The Howard Theater is reborn with a busy slate of jazz (and other kinds of music) and in Georgetown you can find the venerable jazz club Blues Alley, not far from the Duke Ellington School of the Arts, whose graduates are starting to make names for themselves on the jazz scene.
The young, exuberant jazz pianist Jason Moran has taken over the jazz reigns at the Kennedy Center, which just got through holding the Blue Note 75th Anniversary Festival and the Mary Lou Williams Women in Jazz Festival. At the museums, you can hear jazz in the summer, in the evenings and outdoors.
But it’s probably fair to say that what’s driving jazz all over the Washington area this month is the presence of the DC Jazz Festival, now celebrating its 10th year. And like the city itself, the festival, running June 24-29, is changing.
“It’s grown phenomenally,” Sunny Sumter, the DCJF’s longtime director said. “Think about it. When Charlie [Fishman, founder and artistic director for the festival] started this, that first year in 2005, there were 13 concerts. Now look at us, look at what the festival is doing and what it’s become.”
The short version: 125 performances in nearly 60 venues, considered to be the fastest-growing jazz festival in the country, with a year-round education and performance program.
Here’s what’s happening this year:
“Jazz at the Hamilton Live” (June 24-29)
“DC Jazz Festival and Events DC Present Jazz at the Riverfront” (June 27-29)
“Jazz in the ’Hoods Presented by Events DC” (June 24-29)

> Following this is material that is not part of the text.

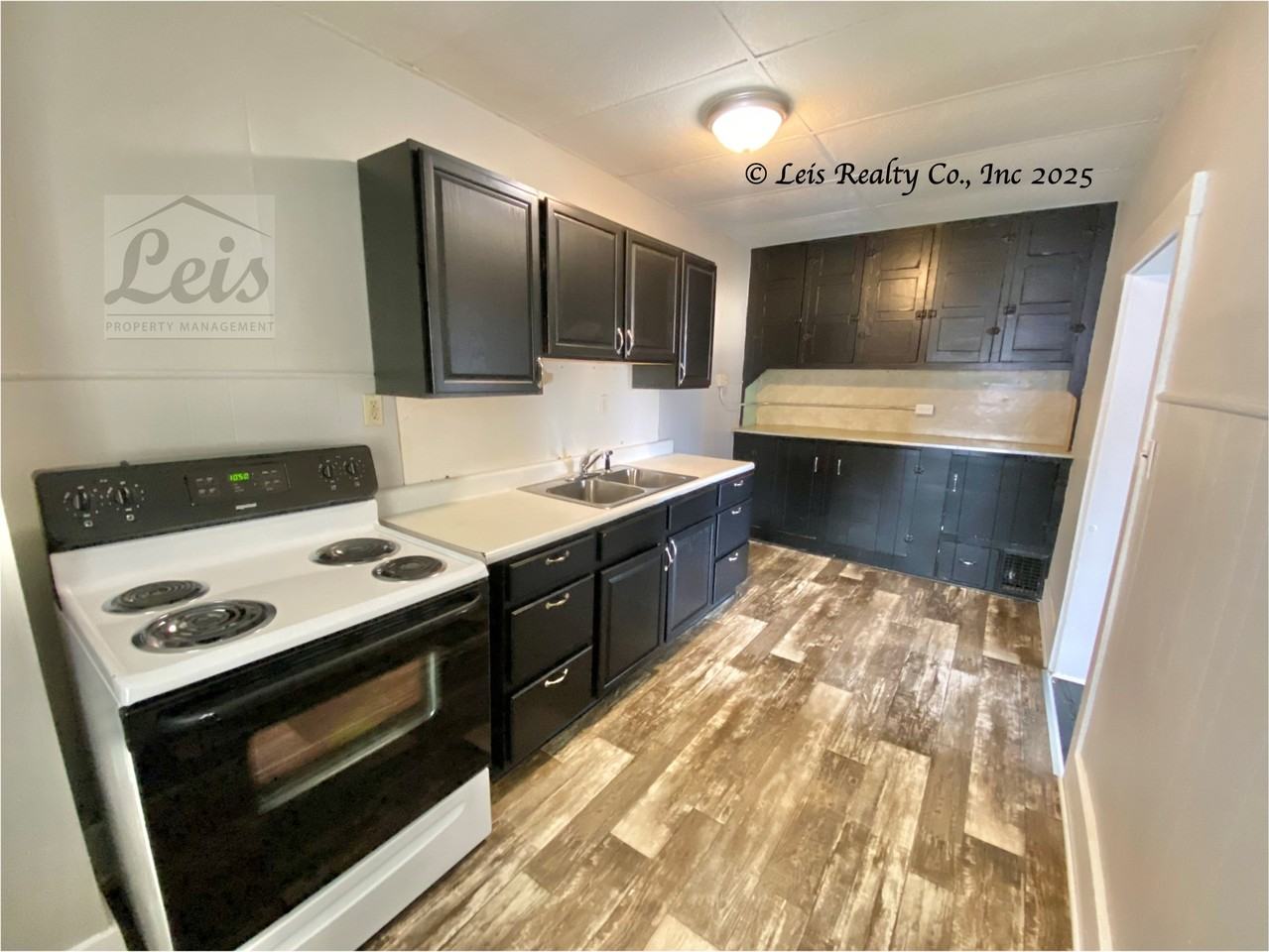 221 West Main Street #2 - Photo 2 of 16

Also as part of the “Jazz in the ’Hoods” series, CapitolBop.com presents the DC Jazz Loft Series, now in its fourth year, with three nights of cutting-edge music, a piano “cutting contest” and an all-evening Block Party.
Who’s coming? A partial list:
The Roy Hargrove Quintet at the Hamilton, “urban harmonicist” Frederick Yonnet, Trombone Shorty headlining a New Orleans flavored evening, Yaslin Bey (also known as Mos Def), Cyrus Chestnut presenting a riff on and tribute to Dave Brubeck, Grammy-nominee Gregory Porter, Grammy-nominee Snarky Puppy, the Brass-A-Holics, Trio Caliente, Irma Thomas, the Tia Fuller Quintet and the Helen Sung Quintet in a salute to women in jazz, Marc Cary’s Rhodes Ahead, Butcher Brown and the Braxton Cook quartet.
“I think we’ve been part of recognizing how jazz itself has spread and changed, embracing or influencing other kinds of music,” Sumter said. “The Howard Theater is part of the festival this year with a Ginger Baker concert, and he’s known for being a drumming icon in the rock and roll world, but he’s also a jazz drummer. Paco D’Rivera has had a huge influence on jazz, spreading it into the Latin sounds, and he’s being a big part of the festival all along.”
Young people steeped in rock and roll, hip-hop, rap, alt, punk, pop and Americana have rooms in their imagination for a resurgence of jazz. And in this international city, the growing international appeal of jazz draws ears from all over.
During the course of the 10th annual DC Jazz Festival, jazz will reveal itself again in all of its facets and changing styles. And it will reveal the city for what it’s becoming, too: Jazz City.